What’s the Story?
They say that the two worst years of a woman's life are the year she is 13 and the year her daughter is. We get to experience both at once in THIRTEEN, about 7th grader Tracy (Evan Rachel Wood), who's catapulted into self-destructive behavior because she wants so badly to be accepted, to be cool, and to numb some of the pain of growing up. Tracy lives with her brother Mason (Brady Corbet) and their mother, Mel (Holly Hunter), a loving but damaged recovering alcoholic who does her best to support the family. On the first day of 7th grade, there are always a couple of kids who really hit the puberty jackpot over the summer. Just as the rest are at their most clumsy, insecure, and vulnerable, those impossibly sure and golden kids appear to have arrived at the destination while everyone else is still trying to find the map. For Tracy, it is Evie (co-screenwriter Nikki Reed), who seems to have everything she desires. So when Evie introduces her to drugs (taking them and selling them), shoplifting, body-piercing, lying, and sex, it seems a small price to pay for feeling accepted or, to use a word that is only used about teenagers or celebrities, "popular."
Is It Any Good?
Reed and first-time director/co-screenwriter Catherine Hardwicke have given this film great strengths -- particularly its authenticity of detail and its genuine commitment, even tenderness, toward its subject matter. This really shows in the performances. Hunter is fearless in revealing Mel's fragility, her generosity, and the deep, deep love for her children that grounds her. Wood is breathtakingly open; every ounce of the joy and anguish she feels in heart-breaking relief on her face. Wood shows us Evie's wounded child inside the cool manipulator. The script has some particularly subtle and perceptive moments, especially when Tracy's father keeps asking for the problem to be explained to him "in a nutshell."

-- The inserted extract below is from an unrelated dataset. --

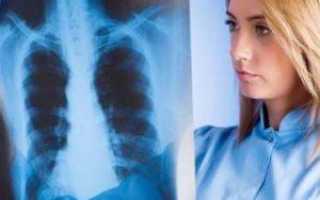 Симптомы и лечение инфильтративного туберкулёза лёгких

On the other hand, it would be nice if Tracy didn't have to take on every single one of every parent's worst nightmares; in addition to substance abuse, sexual involvement, lying, stealing, and failing in school, she develops an eating disorder and cuts herself. There are enough teenage problems in this movie to fill a decade's worth of after-school-specials. But the film's weaknesses are the weaknesses of youth and inexperience, and that is actually very appropriate for the subject matter.